WHAT IS REQUIRED:
If anything in the data looks odd, keep it anyway and write the whole listing out unchanged.

AVAILABLE DATA:
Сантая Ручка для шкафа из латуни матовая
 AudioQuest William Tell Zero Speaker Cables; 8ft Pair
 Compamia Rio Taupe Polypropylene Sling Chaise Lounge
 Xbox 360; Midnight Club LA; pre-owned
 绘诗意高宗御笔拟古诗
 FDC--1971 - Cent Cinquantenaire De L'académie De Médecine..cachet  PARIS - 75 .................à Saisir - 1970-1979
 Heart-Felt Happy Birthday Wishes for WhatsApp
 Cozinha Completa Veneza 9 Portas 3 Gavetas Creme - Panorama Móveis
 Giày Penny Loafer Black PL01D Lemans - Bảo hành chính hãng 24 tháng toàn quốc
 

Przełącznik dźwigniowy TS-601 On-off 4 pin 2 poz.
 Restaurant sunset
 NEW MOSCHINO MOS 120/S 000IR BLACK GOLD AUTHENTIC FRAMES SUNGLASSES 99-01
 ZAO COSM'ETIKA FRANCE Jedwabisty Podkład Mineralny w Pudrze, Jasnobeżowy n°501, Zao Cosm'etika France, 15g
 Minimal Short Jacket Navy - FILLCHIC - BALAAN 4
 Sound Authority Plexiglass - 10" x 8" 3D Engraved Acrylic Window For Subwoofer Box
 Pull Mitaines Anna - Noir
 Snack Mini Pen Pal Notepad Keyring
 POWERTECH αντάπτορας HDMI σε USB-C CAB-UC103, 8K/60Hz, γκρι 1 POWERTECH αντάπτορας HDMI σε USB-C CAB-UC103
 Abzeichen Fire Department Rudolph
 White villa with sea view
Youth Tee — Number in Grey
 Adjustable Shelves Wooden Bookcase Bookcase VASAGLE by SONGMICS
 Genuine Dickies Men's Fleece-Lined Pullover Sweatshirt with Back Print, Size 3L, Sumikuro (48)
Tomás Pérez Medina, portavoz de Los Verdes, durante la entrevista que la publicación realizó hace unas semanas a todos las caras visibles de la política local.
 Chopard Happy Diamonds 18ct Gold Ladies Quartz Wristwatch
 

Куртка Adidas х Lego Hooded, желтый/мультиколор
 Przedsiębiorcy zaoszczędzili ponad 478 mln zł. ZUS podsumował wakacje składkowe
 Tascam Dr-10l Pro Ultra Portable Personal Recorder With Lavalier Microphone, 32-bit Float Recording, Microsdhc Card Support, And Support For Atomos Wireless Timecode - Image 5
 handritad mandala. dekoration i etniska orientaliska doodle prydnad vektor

ANSWER TO THIS PROBLEM:
Сантая Ручка для шкафа из латуни матовая
 AudioQuest William Tell Zero Speaker Cables; 8ft Pair
 Compamia Rio Taupe Polypropylene Sling Chaise Lounge
 Xbox 360; Midnight Club LA; pre-owned
 绘诗意高宗御笔拟古诗
 FDC--1971 - Cent Cinquantenaire De L'académie De Médecine..cachet  PARIS - 75 .................à Saisir - 1970-1979
 Heart-Felt Happy Birthday Wishes for WhatsApp
 Cozinha Completa Veneza 9 Portas 3 Gavetas Creme - Panorama Móveis
 Giày Penny Loafer Black PL01D Lemans - Bảo hành chính hãng 24 tháng toàn quốc
 

Przełącznik dźwigniowy TS-601 On-off 4 pin 2 poz.
 Restaurant sunset
 NEW MOSCHINO MOS 120/S 000IR BLACK GOLD AUTHENTIC FRAMES SUNGLASSES 99-01
 ZAO COSM'ETIKA FRANCE Jedwabisty Podkład Mineralny w Pudrze, Jasnobeżowy n°501, Zao Cosm'etika France, 15g
 Minimal Short Jacket Navy - FILLCHIC - BALAAN 4
 Sound Authority Plexiglass - 10" x 8" 3D Engraved Acrylic Window For Subwoofer Box
 Pull Mitaines Anna - Noir
 Snack Mini Pen Pal Notepad Keyring
 POWERTECH αντάπτορας HDMI σε USB-C CAB-UC103, 8K/60Hz, γκρι 1 POWERTECH αντάπτορας HDMI σε USB-C CAB-UC103
 Abzeichen Fire Department Rudolph
 White villa with sea view
Youth Tee — Number in Grey
 Adjustable Shelves Wooden Bookcase Bookcase VASAGLE by SONGMICS
 Genuine Dickies Men's Fleece-Lined Pullover Sweatshirt with Back Print, Size 3L, Sumikuro (48)
Tomás Pérez Medina, portavoz de Los Verdes, durante la entrevista que la publicación realizó hace unas semanas a todos las caras visibles de la política local.
 Chopard Happy Diamonds 18ct Gold Ladies Quartz Wristwatch
 

Куртка Adidas х Lego Hooded, желтый/мультиколор
 Przedsiębiorcy zaoszczędzili ponad 478 mln zł. ZUS podsumował wakacje składkowe
 Tascam Dr-10l Pro Ultra Portable Personal Recorder With Lavalier Microphone, 32-bit Float Recording, Microsdhc Card Support, And Support For Atomos Wireless Timecode - Image 5
 handritad mandala. dekoration i etniska orientaliska doodle prydnad vektor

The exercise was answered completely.